Task instructions: Your copy should repeat each record below exactly and contain no images.

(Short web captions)
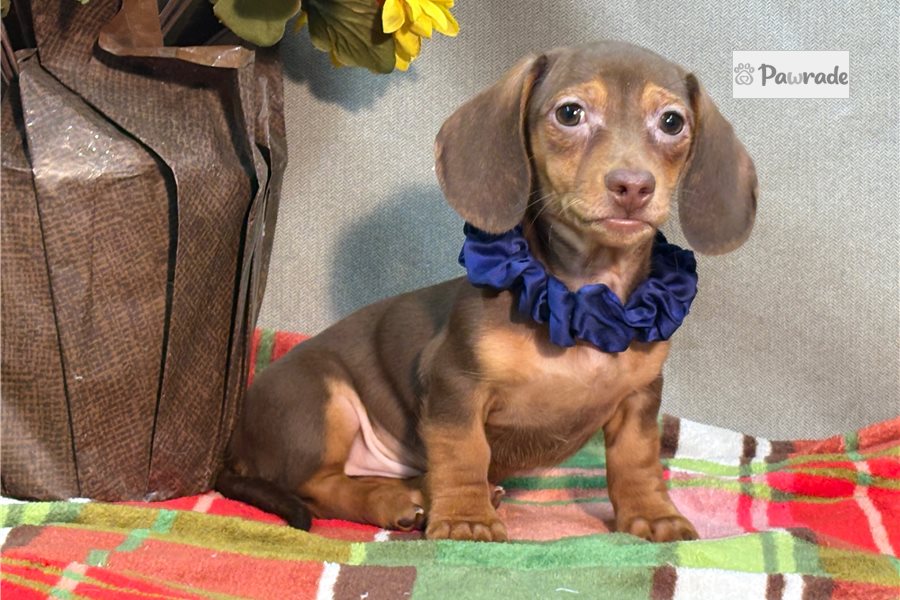 Sherman - Mini Dachshund for sale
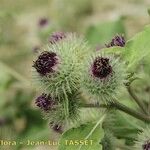 Arctium × nothum Plante entière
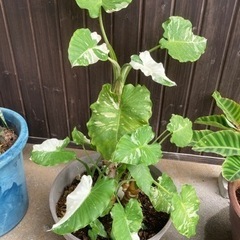 最終値下げ済み】クワズイモ 斑入り 大株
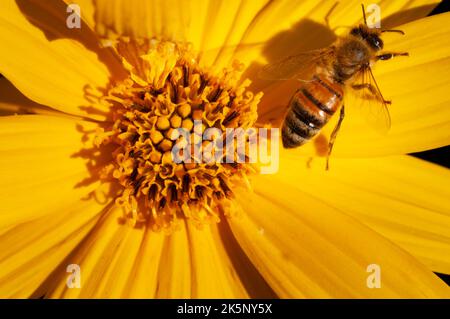 Bienensammlungspollen auf der Jerusalemer Artischocke Stockfoto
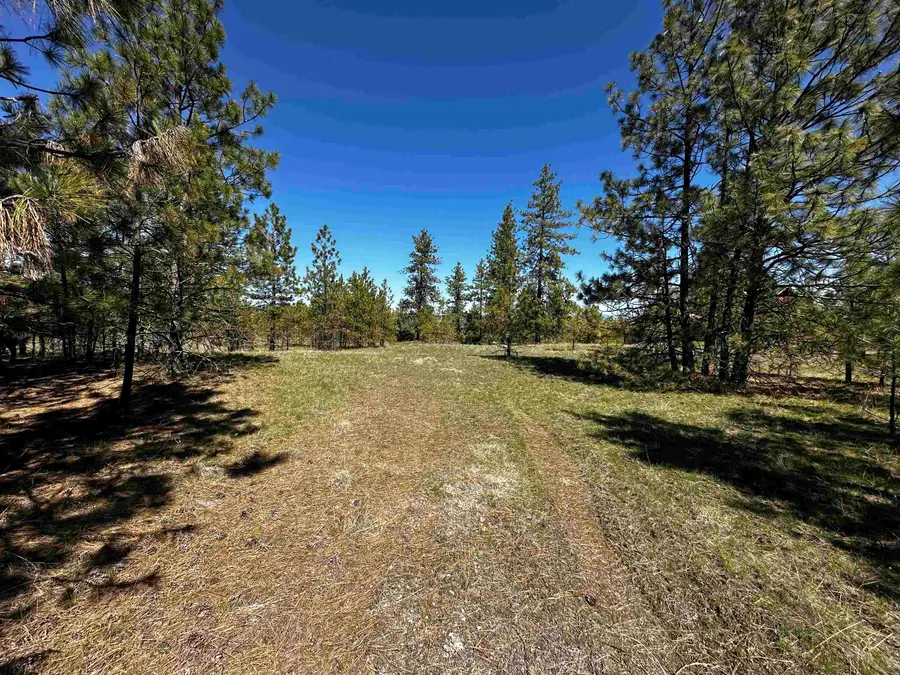 34820 Partridge Ln N Ln, Davenport, WA 99122 - #2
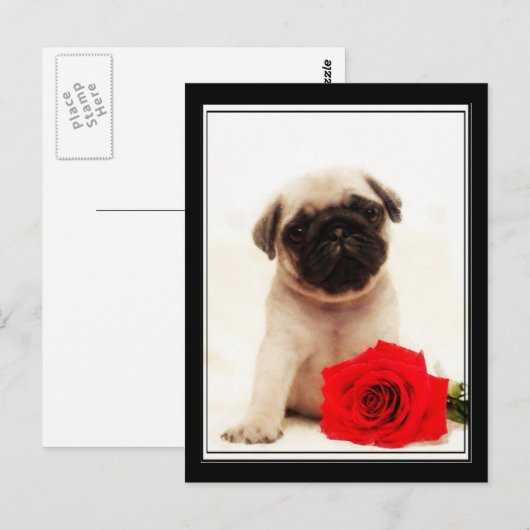 Briefkaart van puppy (Voorkant / Achterkant)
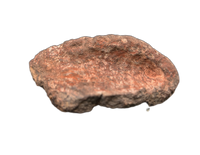 Spicomellus (Ankylosaur) Scute, El Mers Formation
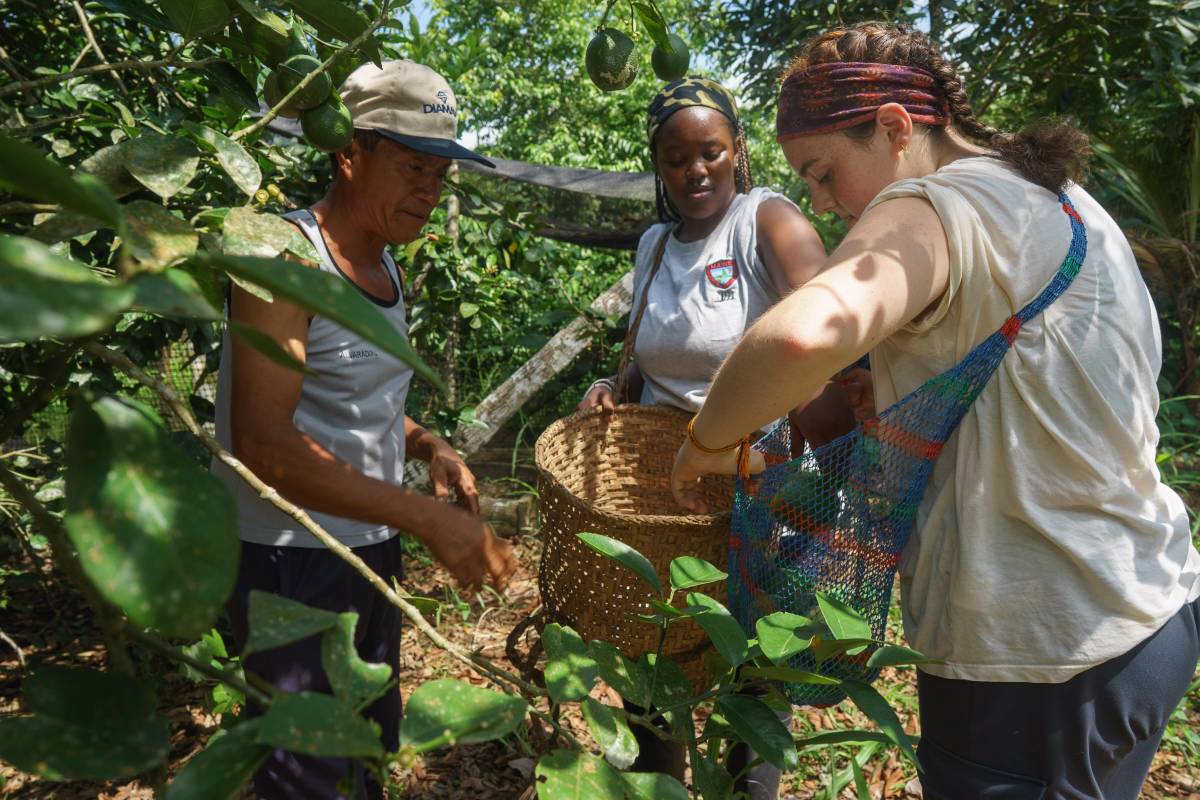 Two young women and a man look at item being placed into woven bag, in dense vegitation.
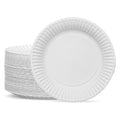 G4GADGET 100 Paper Plates 23cm - 9inch Paper, Disposable, Party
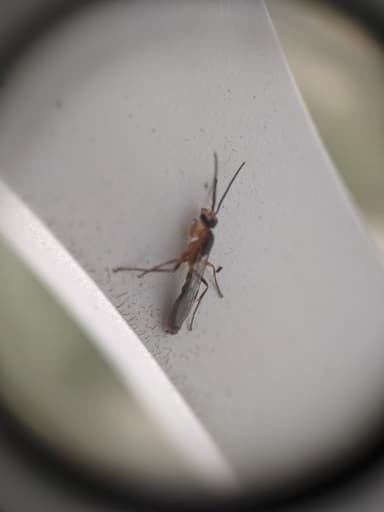 Pseudomyrmex gracilis photo 27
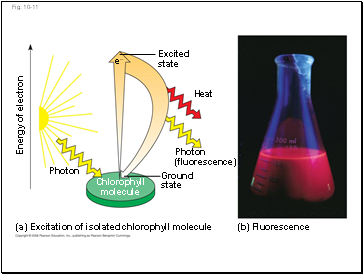 Fig. 10-11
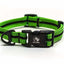 Adventure Dog Collar - Greens/Yellows
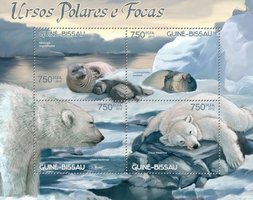 Polar bears and seals
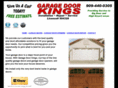 garagedoorkings.com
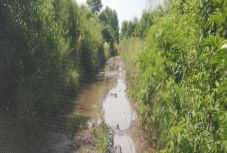 Szász István Szilárd: A rövidebb út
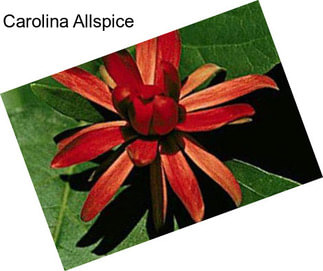 Carolina Allspice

Result for this task:
 Sherman - Mini Dachshund for sale
 Arctium × nothum Plante entière
 最終値下げ済み】クワズイモ 斑入り 大株
 Bienensammlungspollen auf der Jerusalemer Artischocke Stockfoto
 34820 Partridge Ln N Ln, Davenport, WA 99122 - #2
 Briefkaart van puppy (Voorkant / Achterkant)
 Spicomellus (Ankylosaur) Scute, El Mers Formation
 Two young women and a man look at item being placed into woven bag, in dense vegitation.
 G4GADGET 100 Paper Plates 23cm - 9inch Paper, Disposable, Party
 Pseudomyrmex gracilis photo 27
 Fig. 10-11
 Adventure Dog Collar - Greens/Yellows
 Polar bears and seals
 garagedoorkings.com
 Szász István Szilárd: A rövidebb út
 Carolina Allspice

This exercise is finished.